Cognitive Services + Sitecore: Smart image tagging with AI (part 2)

Sitecore 9.1 release has brought many useful features including Cortex - widely advertised integration and support for AI and ML. For now it covers 2 features: component personalisation suggestions and content tagging. The latter comes with an OOTB integration with OpenCalais API. This service provided by Thomson Reuters provides categorisation suggestions based on the meaning of provided content. Combined with Sitecore, it automatically assigns tags based on item's text fields content.

Unfortunately, it's fairly simple and does not cover tagging based on the image content. However, with the help of Microsoft Cognitive Services (Tag Image endpoint to be precise) we can make it work and get a collection of relevant tags.

Let's get to work. To start we need to figure out OOTB tagging architecture and how it works, so a quick look at Sitecore docs gives us a brief idea of what we need. What we'll do is extending the current content tagging pipeline, so that processing a media item will not only use OpenCalais (which must be active) with item's text fields to produce the tags, but also use the MS Cognitive Services to analyze the image and describe it with appropriate tags.

Precisely, what we need are 2 new providers:

  • Content provider extracting the string of relevant information out of the item for further analysis
  • Discovery provider containing the business logic behind processing extracted data and producing tags

Ideally, there should be also an initial validation processor encapsulating all the checks and aborting the pipeline in case of any issues (missing configuration etc.) or if the item is not a good fit for our custom tagging. In our case it's just a functional extension, so performing such an abortion would stop the whole Content Tagging pipeline, not just our additional functionality resulting in no tags assigned at all. Because of that and to simplify the code, I decided to move those checks to Content and Discovery providers. What's more, not all 4 of providers available to be put in the pipeline have to be implemented. That means that Content and Discovery ones will add extra image tags returned by the API for a further, standard processing performed by the latter 2 providers.

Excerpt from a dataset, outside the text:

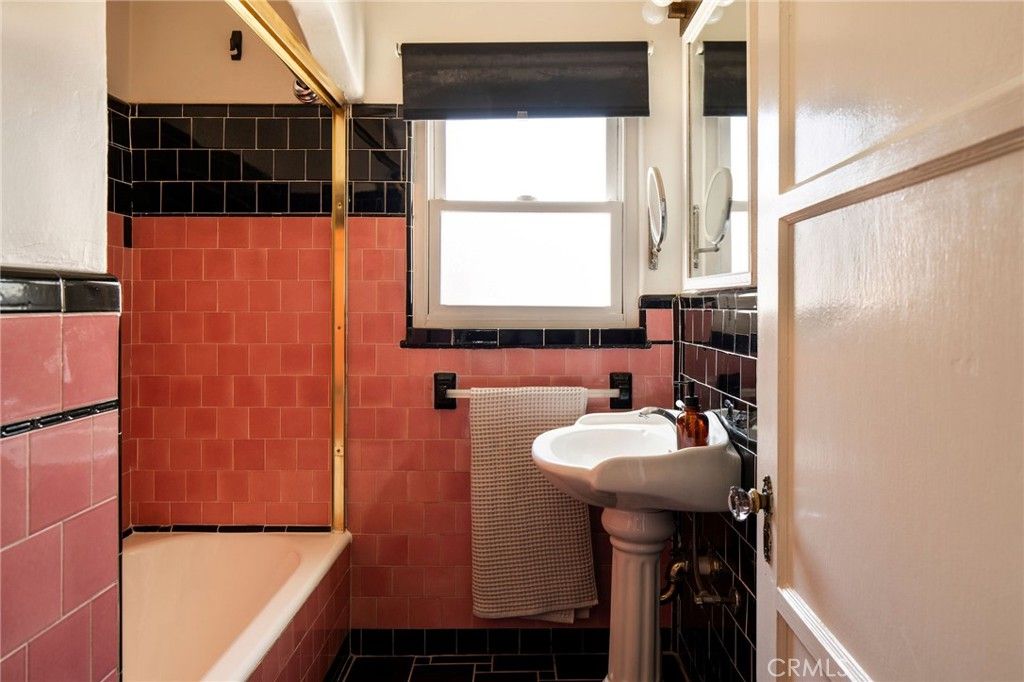 Image 14 of property listing at 11318 Martha, North Hollywood, CA 91601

The configuration of such extension looks as follows:

<configuration xmlns:patch="http://www.sitecore.net/xmlconfig/" xmlns:role="http://www.sitecore.net/xmlconfig/role/">
  <sitecore>
    <contentTagging>
      <configurations>
        <config name="Default">
          <content>
            <provider name="ComputerVisionContentProvider"/>
          </content>
          <discovery>
            <provider name="ComputerVisionDiscoveryProvider"/>
          </discovery>
        </config>
      </configurations>
      <providers>
        <content>
          <add name="ComputerVisionContentProvider" type="Sitecore91.Foundation.Tagging.Providers.ComputerVisionContentProvider, Sitecore91.Foundation.Tagging" />
        </content>
        <discovery>
          <add name="ComputerVisionDiscoveryProvider" type="Sitecore91.Foundation.Tagging.Providers.ComputerVisionDiscoveryProvider, Sitecore91.Foundation.Tagging" />
        </discovery>
      </providers>
    </contentTagging>
  </sitecore>
</configuration>

Now, here's the Content provider extracting the taggable data from the item. Standard process is extraction of the item text fields and sending them down the pipeline for conversion into tags. In our case to tightly follow that purpose we'd have to serialize the image into byte array. Let's go for a different approach, extract just the image ID and pass it further so that we'll delegate and encapsulate this task within Discovery provider. The only check we make is if it's a media item which does not eliminate, but strongly reduce the number of unsupported items left for further processing.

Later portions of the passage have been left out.